*HOW TO COMPLETE THIS TASK*: Will you output all of the data below exactly, omitting the images?

*GIVEN DATA*:
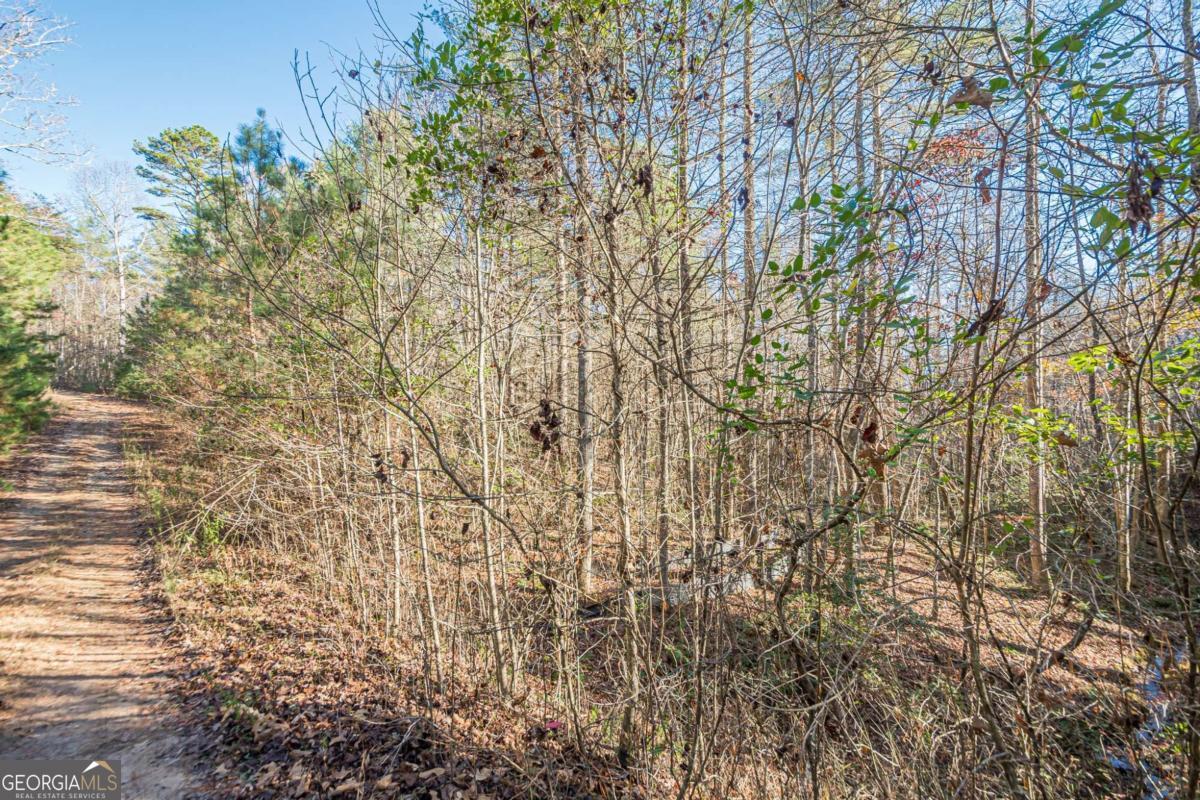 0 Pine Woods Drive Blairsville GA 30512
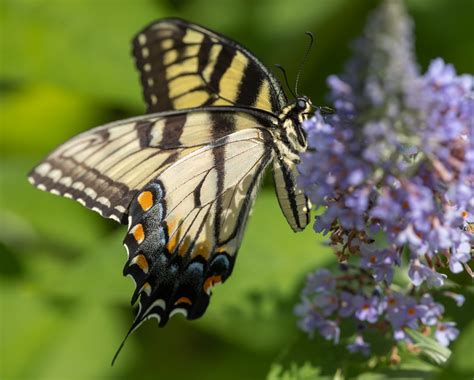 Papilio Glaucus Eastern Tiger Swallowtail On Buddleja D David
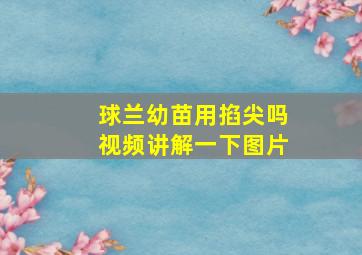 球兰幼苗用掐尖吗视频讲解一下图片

*OUTPUT FOR THIS EXERCISE*:
 0 Pine Woods Drive Blairsville GA 30512
 Papilio Glaucus Eastern Tiger Swallowtail On Buddleja D David
 球兰幼苗用掐尖吗视频讲解一下图片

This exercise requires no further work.